Assignment: Your answer must consist of exactly the lines below, starting with the line with "CRM & Leadautomatisering" and going on through the line with "2024 Honda Civic", and nothing else.

Dataset entries:
---+---

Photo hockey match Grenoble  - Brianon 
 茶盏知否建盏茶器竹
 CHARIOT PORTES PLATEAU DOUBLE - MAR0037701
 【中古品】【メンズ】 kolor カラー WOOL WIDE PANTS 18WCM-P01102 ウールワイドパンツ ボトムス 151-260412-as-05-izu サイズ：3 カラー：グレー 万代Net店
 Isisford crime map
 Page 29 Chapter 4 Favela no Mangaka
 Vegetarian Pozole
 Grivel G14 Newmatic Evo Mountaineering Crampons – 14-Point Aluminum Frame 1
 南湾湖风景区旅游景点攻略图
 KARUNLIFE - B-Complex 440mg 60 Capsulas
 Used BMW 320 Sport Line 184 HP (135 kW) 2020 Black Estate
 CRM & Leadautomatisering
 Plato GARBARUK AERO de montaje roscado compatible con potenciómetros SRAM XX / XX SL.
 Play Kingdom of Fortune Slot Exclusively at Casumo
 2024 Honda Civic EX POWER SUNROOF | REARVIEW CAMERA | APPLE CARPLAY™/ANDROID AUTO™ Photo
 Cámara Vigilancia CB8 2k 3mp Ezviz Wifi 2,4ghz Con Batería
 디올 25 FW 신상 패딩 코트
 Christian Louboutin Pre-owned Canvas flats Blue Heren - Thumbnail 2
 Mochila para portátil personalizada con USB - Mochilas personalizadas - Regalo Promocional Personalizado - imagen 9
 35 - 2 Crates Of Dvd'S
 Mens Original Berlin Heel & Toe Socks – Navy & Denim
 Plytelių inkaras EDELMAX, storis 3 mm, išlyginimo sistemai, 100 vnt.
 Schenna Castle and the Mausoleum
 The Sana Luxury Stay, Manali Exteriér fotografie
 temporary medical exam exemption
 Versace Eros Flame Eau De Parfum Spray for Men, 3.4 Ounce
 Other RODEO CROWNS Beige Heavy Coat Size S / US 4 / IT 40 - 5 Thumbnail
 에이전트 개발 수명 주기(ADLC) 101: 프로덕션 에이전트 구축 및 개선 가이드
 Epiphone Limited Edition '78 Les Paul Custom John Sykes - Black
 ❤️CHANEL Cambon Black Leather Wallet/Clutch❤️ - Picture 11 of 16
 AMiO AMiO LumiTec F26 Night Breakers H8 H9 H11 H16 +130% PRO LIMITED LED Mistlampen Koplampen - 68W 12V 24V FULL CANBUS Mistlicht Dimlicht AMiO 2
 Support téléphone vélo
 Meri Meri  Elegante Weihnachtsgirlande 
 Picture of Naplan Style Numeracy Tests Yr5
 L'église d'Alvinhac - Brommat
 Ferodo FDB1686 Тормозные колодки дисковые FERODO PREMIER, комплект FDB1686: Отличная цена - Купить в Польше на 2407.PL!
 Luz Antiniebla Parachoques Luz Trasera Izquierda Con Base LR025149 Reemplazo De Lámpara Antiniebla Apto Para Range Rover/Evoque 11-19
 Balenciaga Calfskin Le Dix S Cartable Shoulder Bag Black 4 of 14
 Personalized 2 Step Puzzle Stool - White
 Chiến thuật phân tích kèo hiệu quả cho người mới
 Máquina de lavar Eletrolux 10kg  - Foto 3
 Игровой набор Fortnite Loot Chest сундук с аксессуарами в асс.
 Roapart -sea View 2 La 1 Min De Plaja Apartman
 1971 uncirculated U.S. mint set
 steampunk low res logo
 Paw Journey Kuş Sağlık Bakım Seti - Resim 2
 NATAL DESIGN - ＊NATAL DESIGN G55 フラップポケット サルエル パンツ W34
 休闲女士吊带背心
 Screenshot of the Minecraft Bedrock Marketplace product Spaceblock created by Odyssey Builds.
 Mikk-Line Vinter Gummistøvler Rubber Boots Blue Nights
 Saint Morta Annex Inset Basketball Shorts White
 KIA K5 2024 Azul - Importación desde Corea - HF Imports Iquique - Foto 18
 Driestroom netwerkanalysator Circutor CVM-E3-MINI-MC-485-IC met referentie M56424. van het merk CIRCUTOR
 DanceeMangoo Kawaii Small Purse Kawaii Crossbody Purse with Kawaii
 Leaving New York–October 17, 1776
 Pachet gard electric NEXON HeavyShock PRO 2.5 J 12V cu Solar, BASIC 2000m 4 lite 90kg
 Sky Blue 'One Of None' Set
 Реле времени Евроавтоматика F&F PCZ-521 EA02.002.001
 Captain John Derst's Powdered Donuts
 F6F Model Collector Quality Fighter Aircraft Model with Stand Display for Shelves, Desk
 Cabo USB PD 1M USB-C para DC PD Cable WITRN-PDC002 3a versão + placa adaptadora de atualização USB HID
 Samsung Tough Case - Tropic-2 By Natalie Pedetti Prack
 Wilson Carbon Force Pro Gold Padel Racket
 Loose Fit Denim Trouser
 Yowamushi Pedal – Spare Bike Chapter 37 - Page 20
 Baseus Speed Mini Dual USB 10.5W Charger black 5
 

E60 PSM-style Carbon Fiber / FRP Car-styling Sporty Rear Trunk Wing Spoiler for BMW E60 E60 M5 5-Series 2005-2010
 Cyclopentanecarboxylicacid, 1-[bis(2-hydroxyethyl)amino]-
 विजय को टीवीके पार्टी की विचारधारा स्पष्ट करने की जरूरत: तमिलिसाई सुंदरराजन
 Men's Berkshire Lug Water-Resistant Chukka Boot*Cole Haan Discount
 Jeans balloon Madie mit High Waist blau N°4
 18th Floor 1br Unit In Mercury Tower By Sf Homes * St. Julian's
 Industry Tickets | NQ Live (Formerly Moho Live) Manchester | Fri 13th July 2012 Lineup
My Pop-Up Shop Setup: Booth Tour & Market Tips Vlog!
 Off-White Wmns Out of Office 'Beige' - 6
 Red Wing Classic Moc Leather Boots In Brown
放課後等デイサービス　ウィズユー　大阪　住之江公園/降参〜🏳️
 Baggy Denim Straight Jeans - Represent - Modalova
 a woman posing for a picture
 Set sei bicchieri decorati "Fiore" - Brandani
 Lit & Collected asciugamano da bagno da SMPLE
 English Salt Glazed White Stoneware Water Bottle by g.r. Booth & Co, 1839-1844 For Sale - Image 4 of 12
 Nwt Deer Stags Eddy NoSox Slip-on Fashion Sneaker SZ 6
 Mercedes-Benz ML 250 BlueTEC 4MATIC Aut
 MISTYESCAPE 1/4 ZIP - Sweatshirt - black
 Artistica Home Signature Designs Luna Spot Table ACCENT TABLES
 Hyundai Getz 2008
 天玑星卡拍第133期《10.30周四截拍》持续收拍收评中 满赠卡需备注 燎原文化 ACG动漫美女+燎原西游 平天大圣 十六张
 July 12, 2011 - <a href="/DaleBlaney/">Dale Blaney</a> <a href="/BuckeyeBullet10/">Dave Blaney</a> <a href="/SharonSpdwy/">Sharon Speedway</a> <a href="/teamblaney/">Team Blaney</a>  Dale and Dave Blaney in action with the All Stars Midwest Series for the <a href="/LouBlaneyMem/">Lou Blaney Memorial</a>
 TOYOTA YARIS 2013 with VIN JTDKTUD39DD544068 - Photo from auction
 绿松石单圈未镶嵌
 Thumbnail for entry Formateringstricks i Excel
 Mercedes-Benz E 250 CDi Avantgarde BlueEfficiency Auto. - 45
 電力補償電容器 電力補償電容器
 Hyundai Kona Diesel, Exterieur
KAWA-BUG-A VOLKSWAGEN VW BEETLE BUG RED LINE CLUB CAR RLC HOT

---+---

Answer space:
 CRM & Leadautomatisering
 Plato GARBARUK AERO de montaje roscado compatible con potenciómetros SRAM XX / XX SL.
 Play Kingdom of Fortune Slot Exclusively at Casumo
 2024 Honda Civic EX POWER SUNROOF | REARVIEW CAMERA | APPLE CARPLAY™/ANDROID AUTO™ Photo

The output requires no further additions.